Former Galway great Pádraic Joyce has warned that the Tribesman will have a job on their hands to oversee a greatly improved Tipperary side in their round 4A qualifier on Saturday.
“You wouldn’t really normally classify it as a do-or-die battle,” Joyce told RTÉ Sport, “but the progress Tipperary have made in the football since they won the minor championship a couple of years ago has been astonishing.
“This year, they’ve been really in good form, in fairness to them, and probably should have beaten Cork in the Munster semi-final.
“They’re coming with a group of players that look like they’re going to break the line some time in Munster, and probably hit up an All-Ireland series.”

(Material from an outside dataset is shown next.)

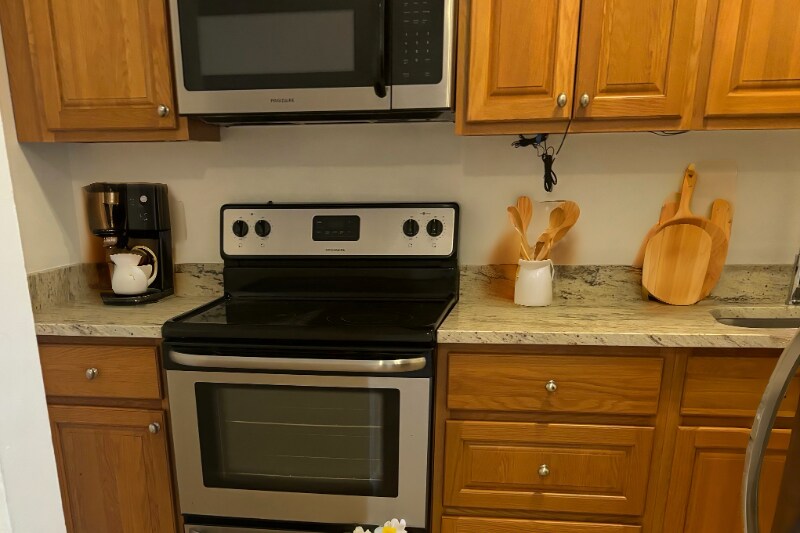 Building Photo - 1639 NE 9th St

“Galway –Tipperary over the years wouldn’t have caused too much trouble for Galway, but the fact that Tipperary have improved, and Galway haven’t really hit the high levels in the last few years, makes the game kind of 50-50 on Saturday.”

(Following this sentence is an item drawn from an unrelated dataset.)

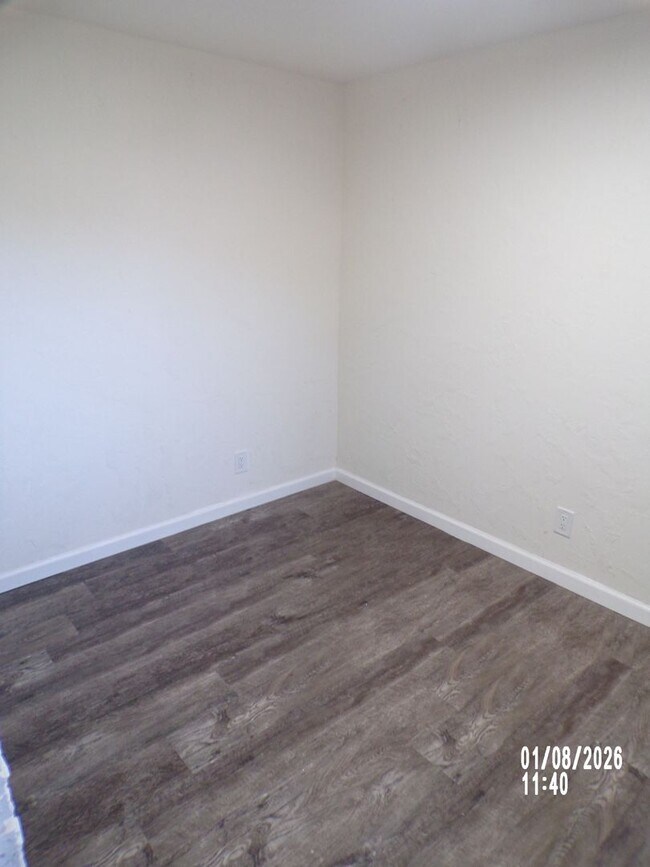 Building Photo - Great re-do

Although he ultimately tipped Galway “to get over the line, just about”, Joyce said questions would be asked of Galway boss Alan Mulholland if the Westerners should exit the championship on Saturday.
“When Alan Mulholland took over the set-up in Galway, he had to get the job at the time; he had unrivalled underage success with Galway, an Under-21 title and a minor title.
"And then obviously he had to get rid of the older fellas like myself... it wasn’t easy for him to him to do... he has the players now involved that he wants involved.”
Joyce said that Mulholland had been planning for the longer term, when younger players were developed, and suggested that it was now time for these players to follow through on this.
“Alan has what he has in the county, and what he wants, and if he doesn’t succeed on Saturday evening, questions will be [asked].”
Joyce said it was difficult to gauge where Galway were at on the basis of their championship results this year.
“While Galway lost the Connacht final, it would have been seen as progress to get to the Connacht final, because they have been there in a couple of years. [But then,] the performance on the day, obviously, in Mayo, left a lot of work to be done.”
Joyce described the goals Galway conceded that day as “underage concession” and said that they had failed to deal with a predictably strong Mayo half-back line.
He did identify some positives from the game, citing the 16 points they scored, but suggested that Galway had failed to move with the times in adopting or dealing with the advent of the blanket defence.
“We’re grand going forward, but we don’t seem to cover the lines going back. We left our full-back line a little bit exposed in Mayo. We’re not a million miles away from being a decent team, as such, but we have a few bits to cover.”